Can Dogs Tell Time?

Can Dogs Tell Time?

Dogs know when it is time to eat and start begging at the same time every day, like clockwork.

But is it due to habit and routine or do they really know how to tell time?

It seems dogs also know when we will be returning home.

Have you noticed that your dog greets you with a wagging tail and sloppy kisses every time you come home? Do they just love us so much that they wait by the door for us to return, or do they know what time we usually come home?

These are things dog owners have been wondering about for a while.

The answer is yes dogs can tell time, but not in the same way as we do.

 width= Photo: Unsplash/Sebastian Coman Travel

Circadian Rhythm

Dogs don't need a watch or clock to tell them what time it is instead they rely on their internal clock, the circadian rhythm system.

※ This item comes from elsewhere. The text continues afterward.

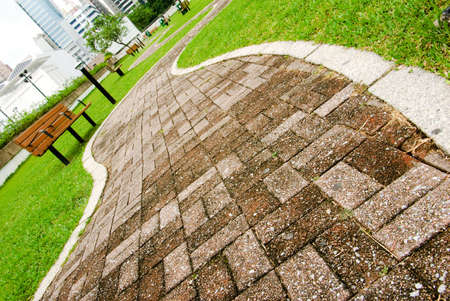 It is a cityscape of green park with curve way acrossed.の写真素材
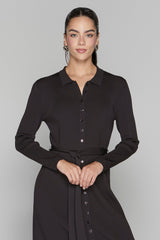 Woman wearing a black dress against a gray background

This 24-hour cycle controlled by sunlight helps animals figure out when it is time to eat, sleep, and much more. Dogs learn to tell time based on interactions between their circadian rhythm and environment throughout the day, which is known as entrainment.

Lynne Nelson, a veterinarian and researcher at Washington State University, explained, "Dogs are training their brains based on different events, like owners coming home or when the food is going to come out."

Dogs learn through repetition so in a way humans have taught dogs how to tell time.

Nelson went on to say, "All these things are entrained based on certain genes that control the development of different traits, as well as wiring in our brains." This happens all on its own without us knowing, fascinating!

Dogs Don't Tell Time But Rather Judge Time

There are very few studies on this topic but one published in Nature Neuroscience believes dogs are able to measure time.

The study performed by researchers at Northwestern University found that dogs cannot tell time but rather judge time when they are waiting for an expected outcome.

"Researchers at Northwestern University’s Department of Neurobiology found evidence that previously unknown neurons in an animal’s brain are activated when the animal is in waiting mode. The neurons are located in an area of the brain’s temporal lobe where we know that spatial memory is encoded," reported American Kennel Club.

This discovery and a study on mice led researchers to hypothesize that this area in the brain measures time.


One of the things we admire most about dogs is how they are able to live carefree and in the moment. They don't stress about the time or what happened five minutes ago. They enjoy the little things in life, like snuggling with their humans.

While dogs learn things from watching humans, we can learn way more by watching them.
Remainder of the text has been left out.